WWDC Thoughts

Despite being late to the party i would like to share some half-formed thoughts and gut reactions to yesterdays WWDC:

  • Looking at Lion it seems obvious that OS X and iOS are slowly converging. See also this post discussing Apple’s and Microsoft’s different approaches toward an operating system that unites tablet and desktop interaction.
  • File version management in Lion seems great – version control for the masses. I only wonder if apps need to explicitly support this or if it’s baked into the OS in such a way that existing apps can benefit from it without changes.
  • Mail search in Lion looks spectacular. As someone who doesn’t file e-mail, I will benefit tremendously from this.
  • Between notifications, lock screen changes and widgets the interface looks like it’s being pushed to it’s limits, maybe even beyond. I wonder if iOS 5 will still feel easy and intuitive to novices like the original iPhone did (my guess: probably not).
  • I wonder if Twitter integration extends to single sign on support in the browser. If it does, this could be a huge blow against Facebook Connect. Incidentally, i find it curious that Apple isn’t trying to establish Apple ID as your one, true online identity (also see this).

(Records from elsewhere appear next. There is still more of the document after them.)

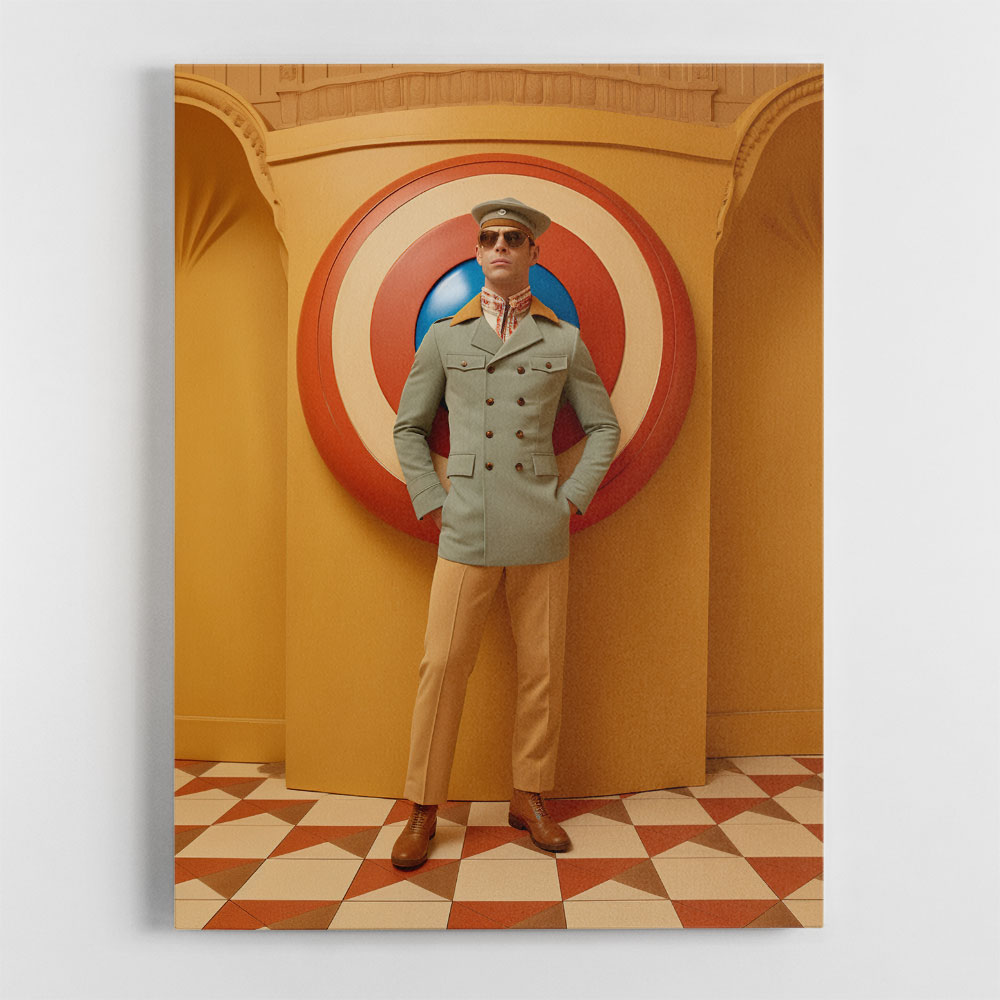 Captain America Fashion Wall Art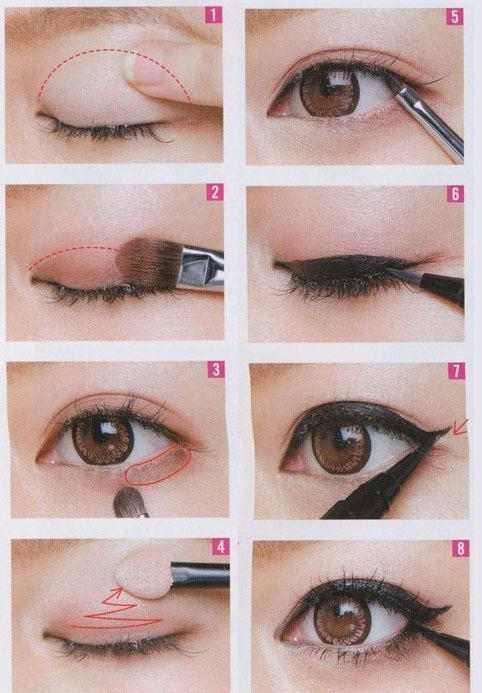 Cute Cat Eye Makeup Eye Makeup For Asian Eyes Via Tumblr On We Heart It
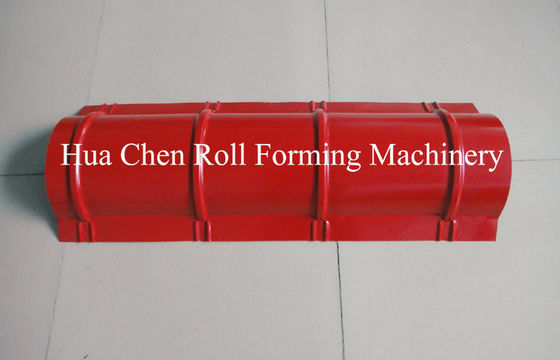 15 baris Ridge Cap Roll Forming Machine, peralatan cold roll forming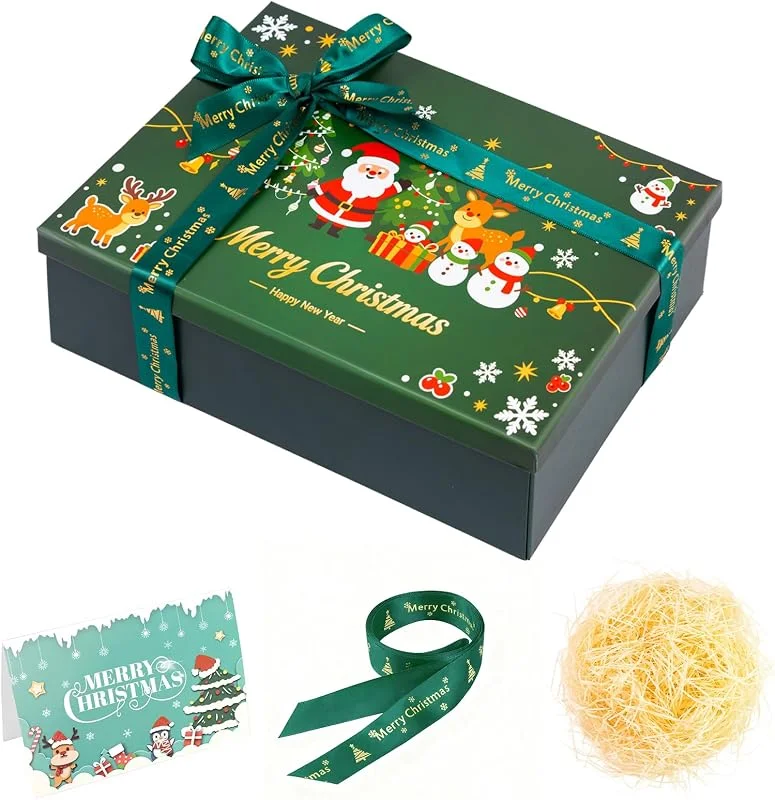 FIHODONE Caja Para Regalo Navidad, Cajas Regalo Con Tapa, Caja Regalo Grande — Envoltorio regalo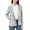 Silver, variant on Women's Loose Sparkle Sequin Jacket Long Sleeve Casual Blazer Open Front Cardigan Coat, Silver, Medium
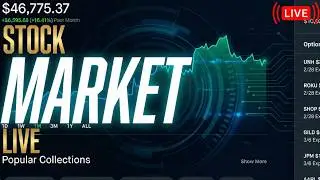 Tariffs raised to 15%, IRAN, & MEXICO - Feb 23 - Stock Market LIVE, Live Trading, Stock News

  • Safari Reader feature is a welcome addition to Mobile Safari, as I already use it heavily in Desktop Safari. I expect this to be even more useful on smaller screens. As a heavy Instapaper user I’m also curious how the Read Later feature will impact my usage of the service.
  • Geolocation based reminders are an interesting addition and this might just be the point where the concept moves beyond the geek realm into the mainstream. Or maybe it just turns out to not be particularly useful for most people. We will see.
  • A quick camera shortcut was overdue. Adding it to the lock screen makes it appear even more bloated though. I can’t help but think this should be a dedicated hardware button. Perhaps in the next iPhone revision…
  • Flags in Mail. Finally.
  • It’s about time that iPhones and iPads are no longer tied to Macs and PCs. iOS just caught up with Android in this regard and probably even leapfrogged them with document and media support.
  • I’m surprised that iMessage isn’t supported in OS X. This could have been a welcome addition to or replacement for iChat and additionally would have driven adoption of the service. I’m rather certain it will eventually find its way into OS X, just as FaceTime did.
  • iPad screen mirroring over AirPlay seems promising. Curious what sort of apps will come of this.
  • iCloud file storage and syncing suggests that Apple believes files belong to one app. I’m not sure if I agree and / or like this. This will probably result in massive app lock-in, which incidentally would be in Apple’s interest.
  • If iCloud works well, it will be a game changer. If it doesn’t, it will probably be really painful for users. Let’s not forget mobile.me, so color me skeptical until proven otherwise.
  • iTunes Match almost seems too good a deal to be true, so i’m still weary about potential downsides.
  • Considering that most iCloud rumors focused so heavily on streaming as a major feature, its total absence is somewhat surprising. Kinda makes sense in a world where storage is (still?) so much cheaper than bandwidth, though.